An extensive study into happiness and productivity has found that workers are 13 percent more productive when happy. The research was conducted in British telecom firms over a six-month period.
Various surveys also support Salvadore’s emphasis on distributors becoming more flexible with their employees.
A May 2021 survey found that 54 percent of employees surveyed from around the world would consider leaving their jobs if they were not afforded some form of flexibility in where and when they work.
And the costs of finding and training a new employee can be high.
It has been estimated that the cost to the employer of replacing a departing employee is, on average, 122 percent of that employee’s annual salary in terms of finding and training a replacement.
It is particularly interesting to note the questions that prospective employees ask recruiters or HR management when seeking a new position.
“We’re seeing a lot of questions about a company’s size, “ Salvadore explains. “The reason that they’re asking that is because if an employer has over 100 employees, everyone working there may have to be vaccinated. And these people are asking about the company’s vaccination policy.”
Prospective employees used to ask the standard questions about 401ks, vacation or sick time but now they‘re focused on the medical plan itself and what their out of pocket expenses would be because of COVID.
COVID has changed the workplace more than anyone could have anticipated.
For example, one prospective client told Salvadore that he previously had COVID and didn’t want to be vaccinated because he had developed antibodies from the virus. But his employer made him swab every day and now the employee wants a new job with a different vaccination policy.
What is surprising to employment experts is that many people who resign don’t even have new positions. And those left behind to pick up the load are feeling overwhelmed.
One study showed that 40 percent of those employees resigning were leaving their companies because of burnout. A Gallup study of nearly 7,500 full-time employees found that 23 percent of employees feel burned out at work very often or always. Another 44 percent say they sometimes feel this way.
What are other reasons employees are leaving? Salvadore says companies that change their comp plans are “going to be in real trouble”
“Salespeople, in particular, are fed up.
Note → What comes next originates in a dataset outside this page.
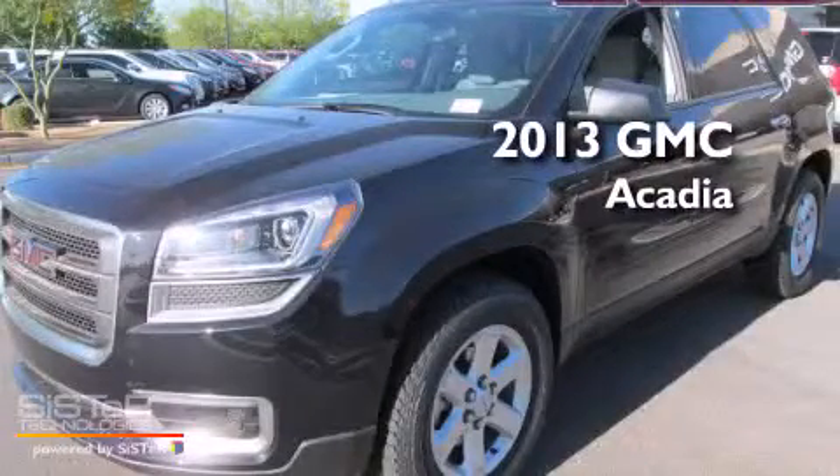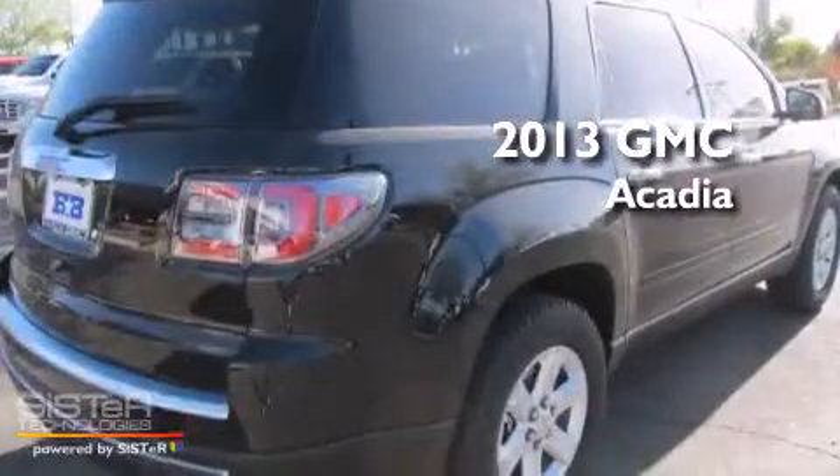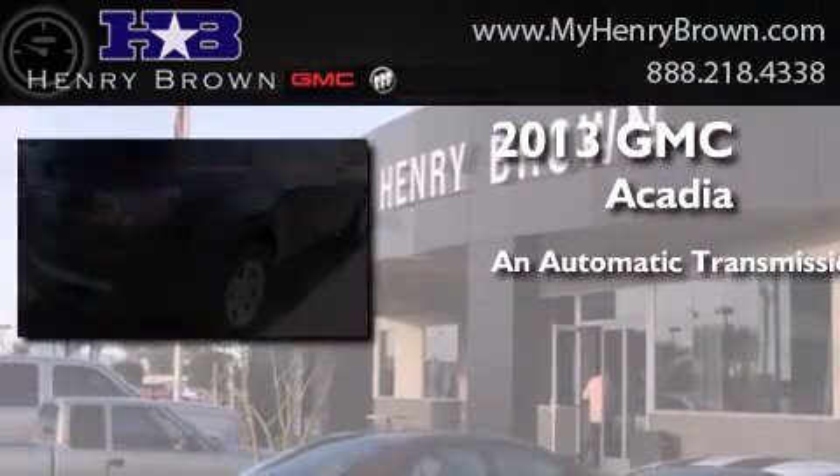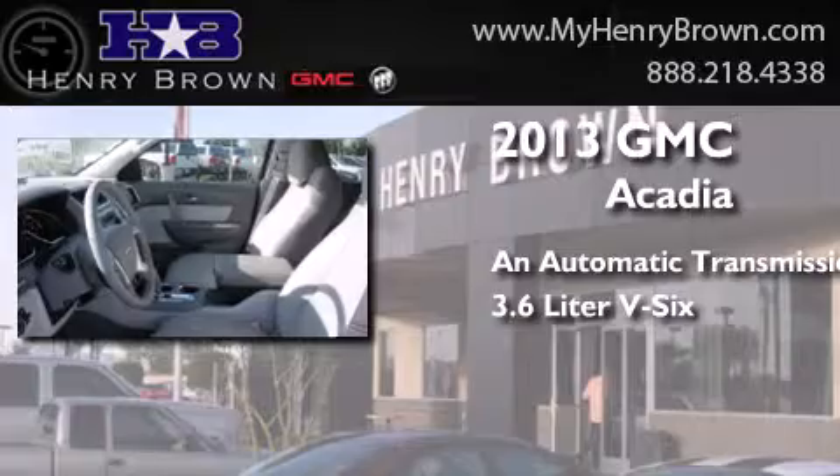This is a brand new 2013 GMC Acadia. This crossover has an automatic transmission and a 3.6 liter V6.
They want more consistency in their lives and we’re seeing more salespeople seek guaranteed pay and are willing to forego large commissions,” he says.
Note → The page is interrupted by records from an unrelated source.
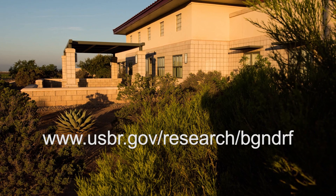To learn more about the Brackish Groundwater National Desalination Research Facility, visit our website.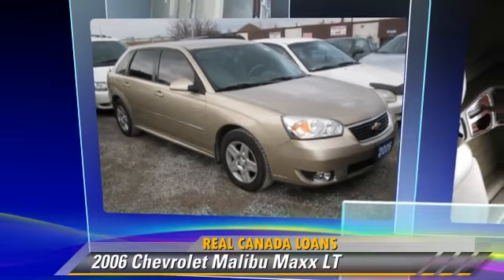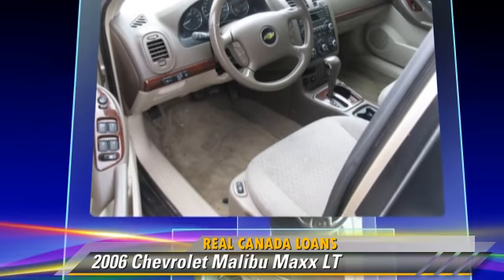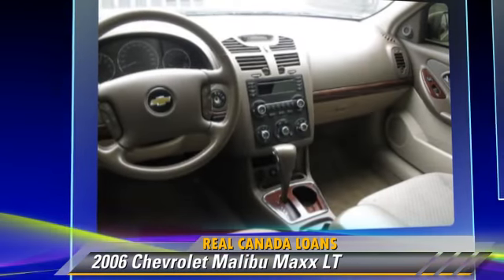The 2006 Chevrolet Malibu LT Max. Powered by a 3.5-liter V6 engine, this vehicle is well-equipped.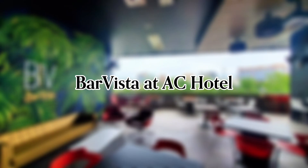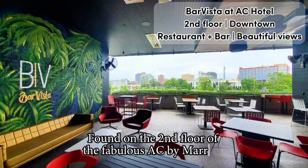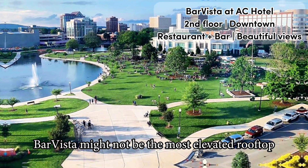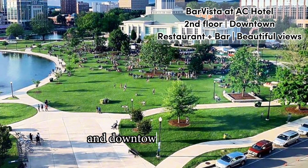Full video review of Bar Vista at AC Hotel in Huntsville. Found on the second floor of the fabulous AC by Marriott Hotel Huntsville downtown, Bar Vista might not be the most elevated rooftop, but still offers a beautiful view of Big Spring Park and downtown Huntsville.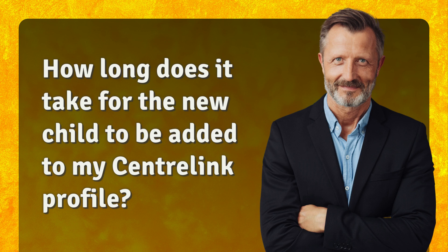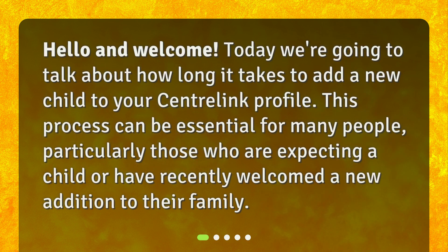How long does it take for the new child to be added to my CentralLink profile? Hello and welcome. Today we're going to talk about how long it takes to add a new child to your CentralLink profile. This process can be essential for many people, particularly those who are expecting a child or have recently welcomed a new addition to their family.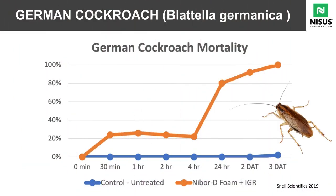Looking at this chart, in just 30 minutes to an hour we're seeing a 25% kill on German cockroaches. After 24 hours we already have 80% kill after application. Within three days after treatment we have 100% kill.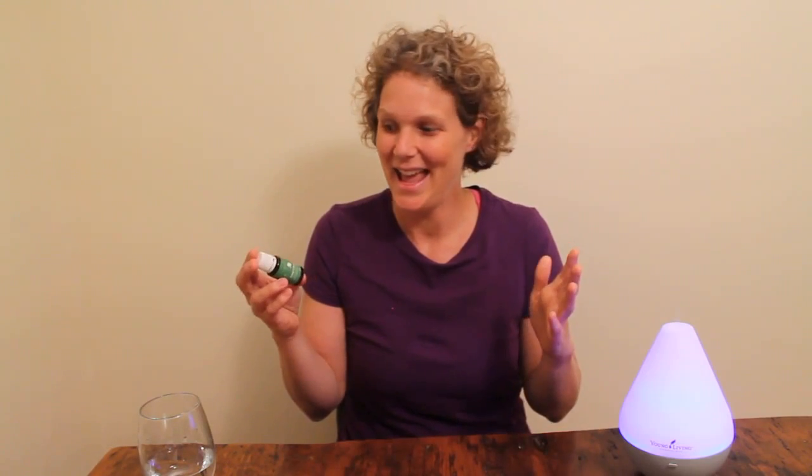Please let me know your experience with using lime essential oil, and thank you so much for watching this video and for commenting in the comments below. Take care.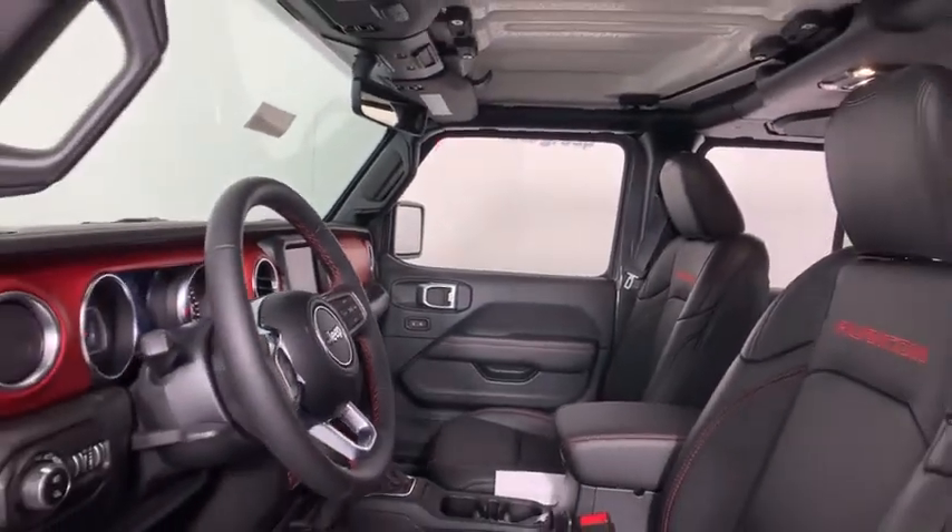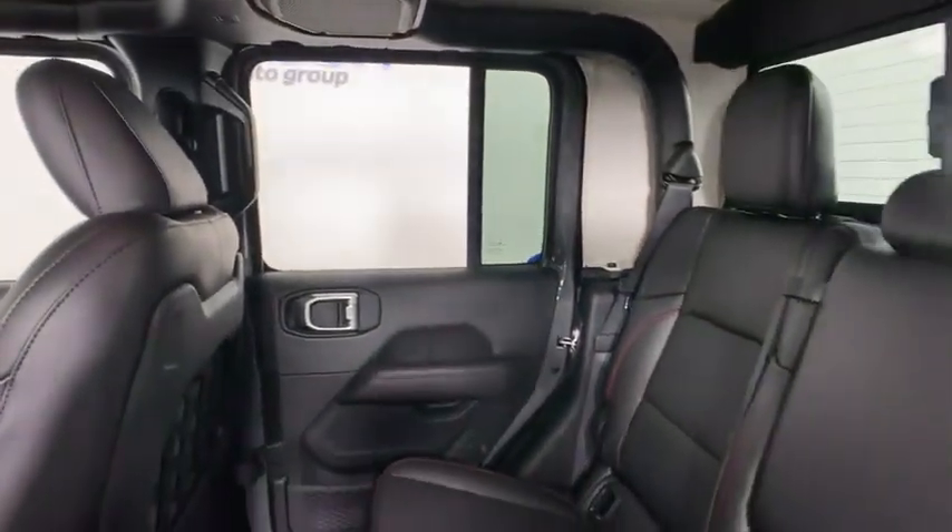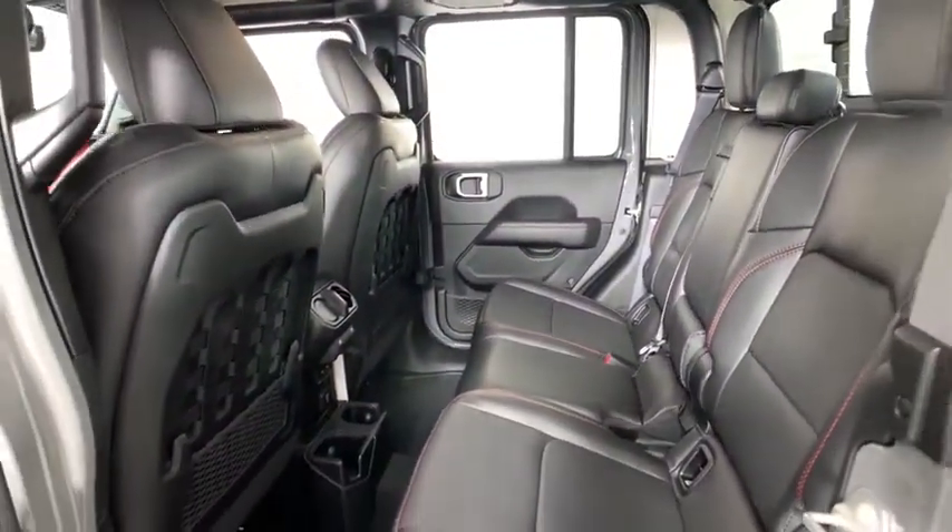Remote engine start, traction control, dual airbags, leather-wrapped steering wheel, alloy wheels, power steering, four-wheel disc brakes, center armrest, eight speakers, universal garage door opener, convertible.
He adds many salespeople were burned out because of COVID with less commissions and now they’re looking for a little “bump” in salary that is more guaranteed, meaning less reliance on commissions.
What should employers be doing to retain employees?
First, managers need to be flexible and re-focus on remote working and be open to new ideas instead of enforcing regular, rigid hours.
“The traditional distributor who demands that people be in their offices 5 days a week at specific times like 9 to 5 are hurting themselves from attracting and gaining top talent,” Salvadore emphasizes. “These people can easily go down the street and get a job at a more flexible distributor.”
Remote working, for example, is a policy that many workers have grown accustomed to and many of these employees say if it not offered in the future, they will resign.
Studies back up the results of employees working remotely. Several reports over the past few months show productivity while working remotely from home is better than working in an office setting. On average, those who work from home spend 10 minutes less a day being unproductive, work one more day a week, and are 47 percent more productive. In a work week, those who work at home are more consistent, work more hours and get more done.
Salvadore, who facilitated a discussion of these workplace changes at a panel discussion at the PTDA summit last year, pointed out employers no longer have the leverage in interviewing and choosing candidates. Candidates know their talents are in demand and they are interviewing the employer just as the employer is interviewing them, he notes.
With all the changes taking place in the workplace, the days of top down management may be ending. And that means there will be more major changes in the workplace forcing employers to adapt and meet new challenges in recruiting, hiring and retaining employees.